[GOAL OF THE EXERCISE]
All the data below goes into the copy word for word, but the pictures don't.

[PROVIDED DATA]
************
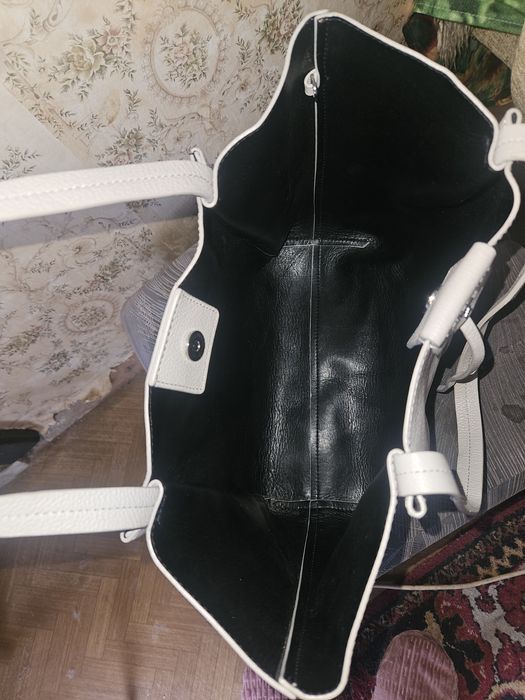 Дамска чанта Patrizia Pepe естествена кожа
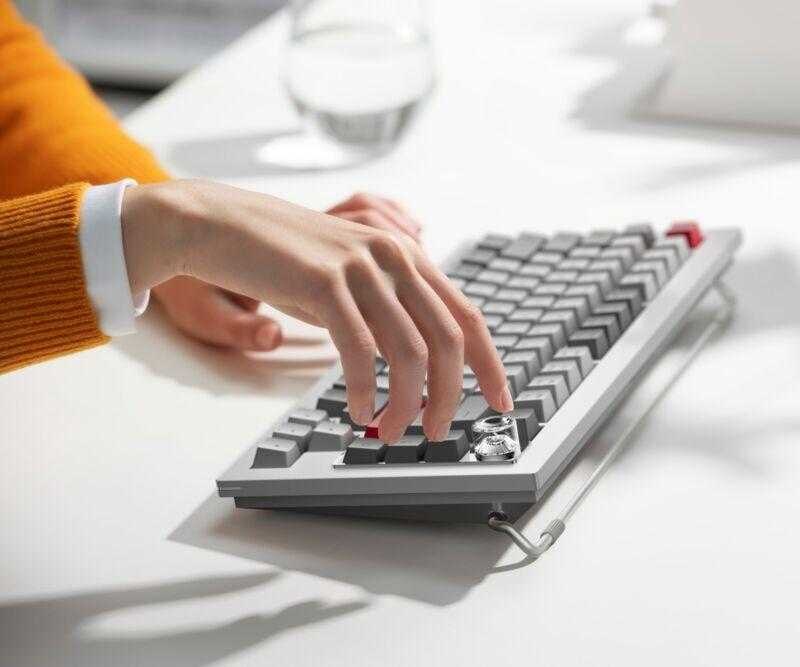 OnePlus выпустила свою первую клавиатуру и телевизор 3 OnePlus Featuring Keyboard 81 Pro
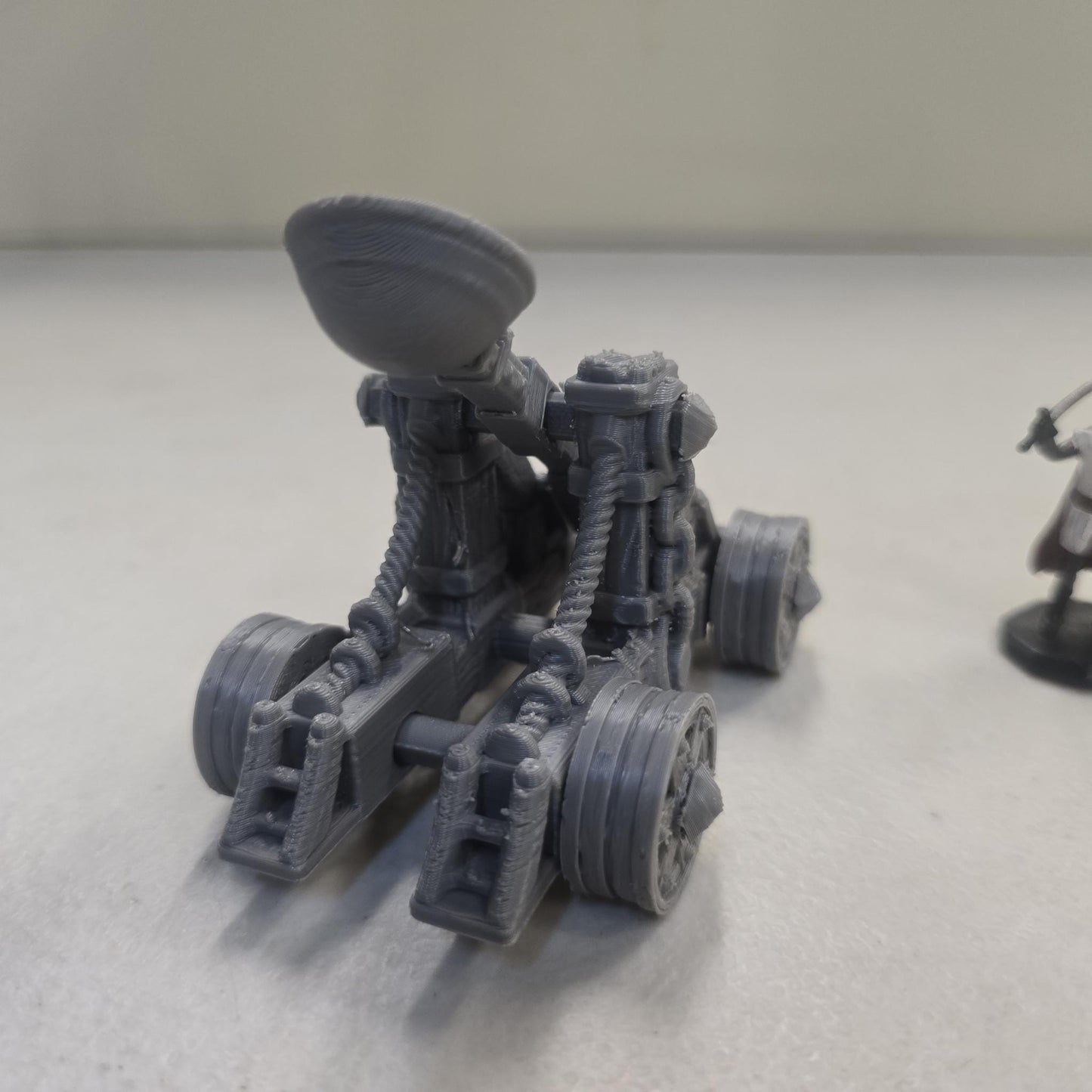Guardia Kingdom Catapult – 28mm 3D Printed Unpainted PLA Siege Engine Terrain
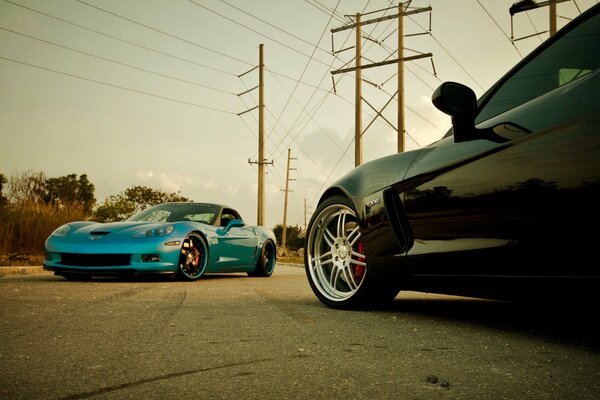 Voitures Chevrolet Corvette en bleu et noir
************
[YOUR SOLUTION]
 Дамска чанта Patrizia Pepe естествена кожа
 OnePlus выпустила свою первую клавиатуру и телевизор 3 OnePlus Featuring Keyboard 81 Pro
Guardia Kingdom Catapult – 28mm 3D Printed Unpainted PLA Siege Engine Terrain
 Voitures Chevrolet Corvette en bleu et noir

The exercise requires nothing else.